A good example is Rona Jaffe’s Mazes and Monsters, a novel that has become an infamous example of the anti-Dungeons & Dragons panic of the 1980s (and the source for a risible Tom Hanks TV movie); as a D&D-playing kid I knew that Jaffe wasn’t on my “side,” but I still read her book in the hopes that she might have some original ideas about fantasy. She didn’t, and it quickly became clear that she didn’t have much exposure to the actual game or the way it was played, either, but for some reason I got sucked into the drama of rich, disaffected college kids and their addictive pastime.

I didn’t read The Ninja as a kid; if anyone in my family did, I don’t recall seeing it, but I probably would have at least looked into it if I had. I have more appreciation now for the personal drama that fills novels like this–in this case, not just the hero caught between two worlds, but a great deal of soap concerning Justine’s father and all of his family and business problems–but would I have found enough about, y’know, ninjas to satisfy my ten-year-old imagination? I think I would have: aside from being a better book than Mazes and Monsters (faint praise, I know), The Ninja is dense with research, so reading it one learns about the philosophy and technique of many kinds of armed and unarmed combat, and some terminology to go with it; the mindset and methods of the ninja as he undertakes his mission; and the history and mythology of Japan, both in the middle ages and the twentieth century, with at least the pretense of presenting insights into the differences between the Japanese and Western mindsets. Later in the 1980s, when Americans were terrified of being passed up by the ascendant Japanese economy, businessmen were said to be reading Miyamoto Musashi’s classic Book of Five Rings in order to understand the mindset of their opponents. The Ninja, with its mixture of ancient philosophies and modern economic realities, is likewise concerned with bringing Japanese ways of thinking to Western audiences (it’s even divided into five parts in direct imitation of Miyamoto’s work).
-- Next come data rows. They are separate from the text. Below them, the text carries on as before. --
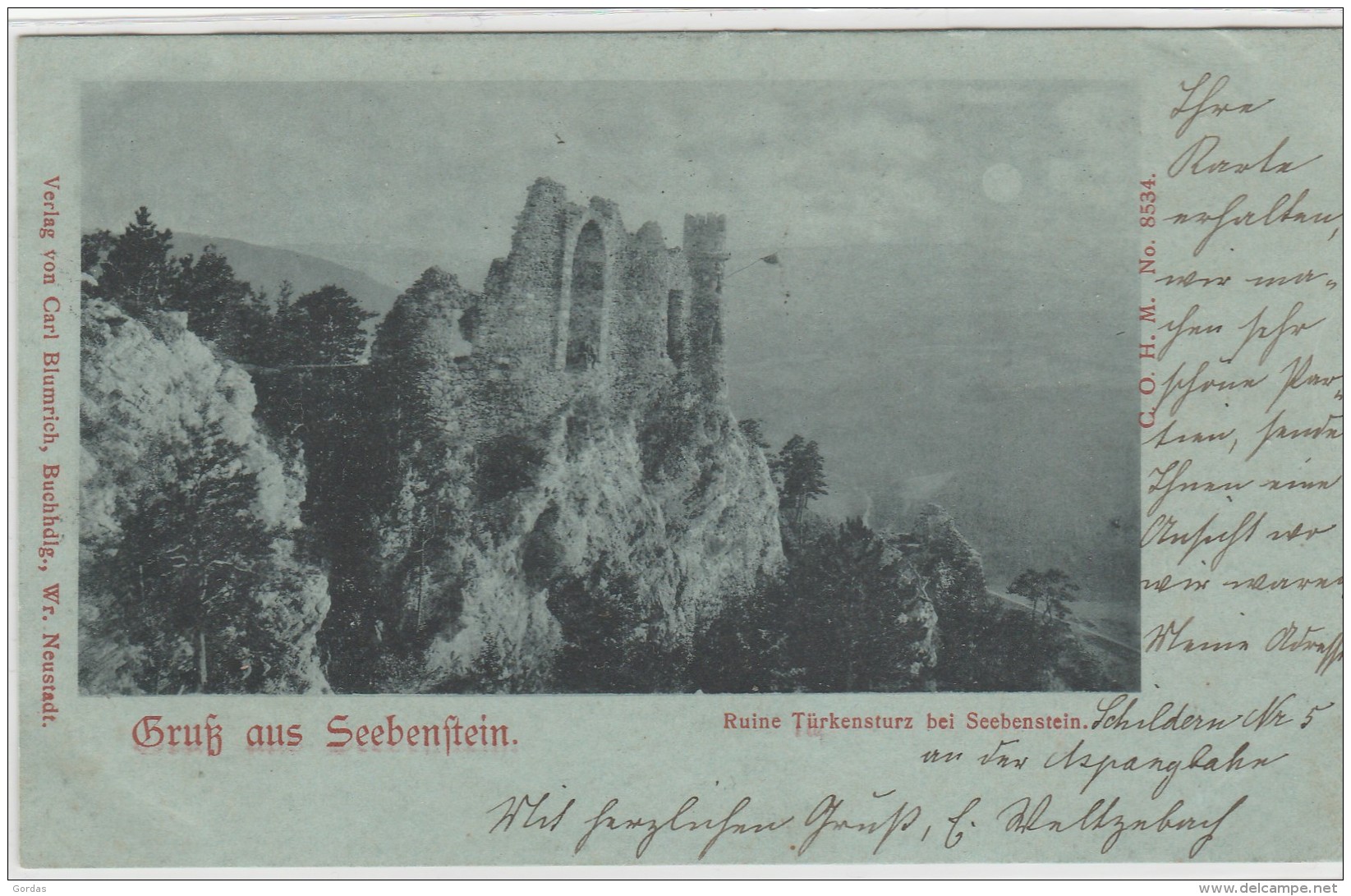 Austria - Gruss Aus Seebenstein - Neunkirchen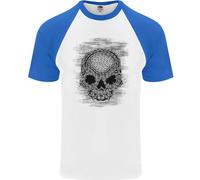 Maglietta Da Baseball S/S Per Uomo Skull Of Chains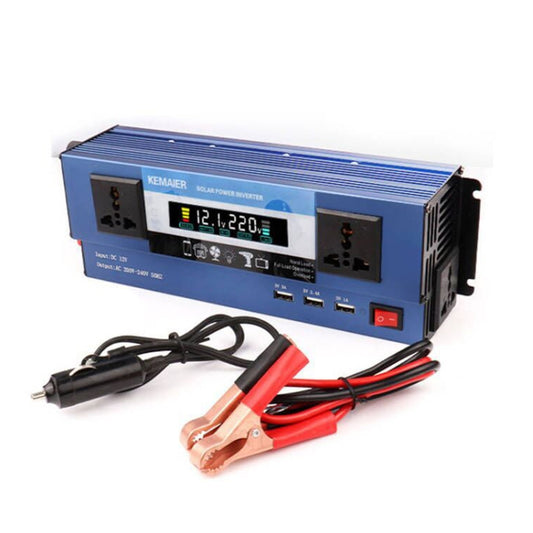 1200W/12V24V Convert To 220V Dual Voltage Modified Sine Wave Inverter - Modified Square Wave by buy2fix | Online Shopping UK | buy2fix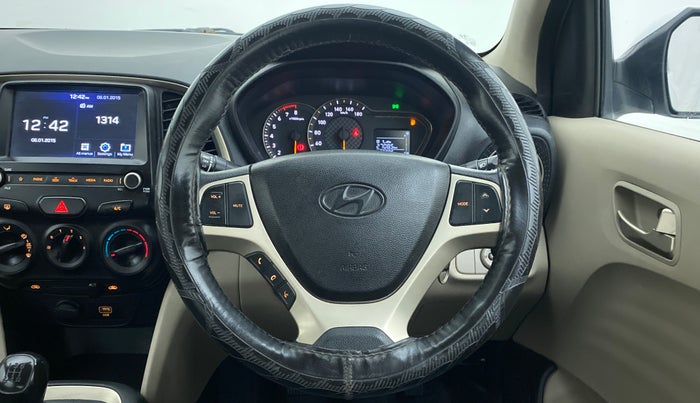 2019 Hyundai NEW SANTRO SPORTZ 1.1, Petrol, Manual, 36,115 km, Steering Wheel Close Up
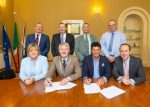 Rice Bridge Contract Signing 2025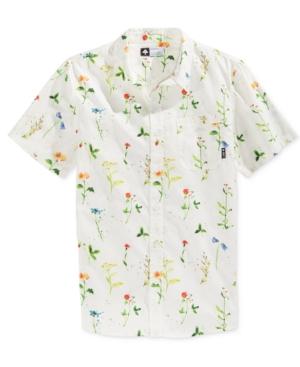 Lrg Men's Short-sleeve Grown Not Made Shirt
It’s the kind of book, still popular even as Jonathan Franzen complains that the Internet has devalued thorough research, that doles out history lessons between sex scenes and moments of intense violence, so that you could feel that you were learning something while being entertained. Its pulpy mixture of action, mystery, sex, and history promises something for everyone, and although I could quibble with the details of Van Lustbader’s style–he frequently chooses inelegant words in his hurry to get on with the story–he keeps the pages turning. As its status as a bestseller (and its several sequels) demonstrates, Van Lustbader knew what readers were looking for, and in The Ninja he got in on the ground floor of a trend that was set to explode in popularity.

Ninja Destroyer

It sometimes seem like half of my movie reviews for this site include complaints about muffled dialogue, characters I can’t tell apart, or other reasons that I can’t understand just what the heck is going on. Regular readers would be forgiven for thinking that either I’m a complete idiot or I should spend my time watching better movies (of course, both possibilities can be true at once). But so help me, the plot of Ninja Destroyer, a 1986 effort by prolific Hong Kong director Godfrey Ho, is hard to follow.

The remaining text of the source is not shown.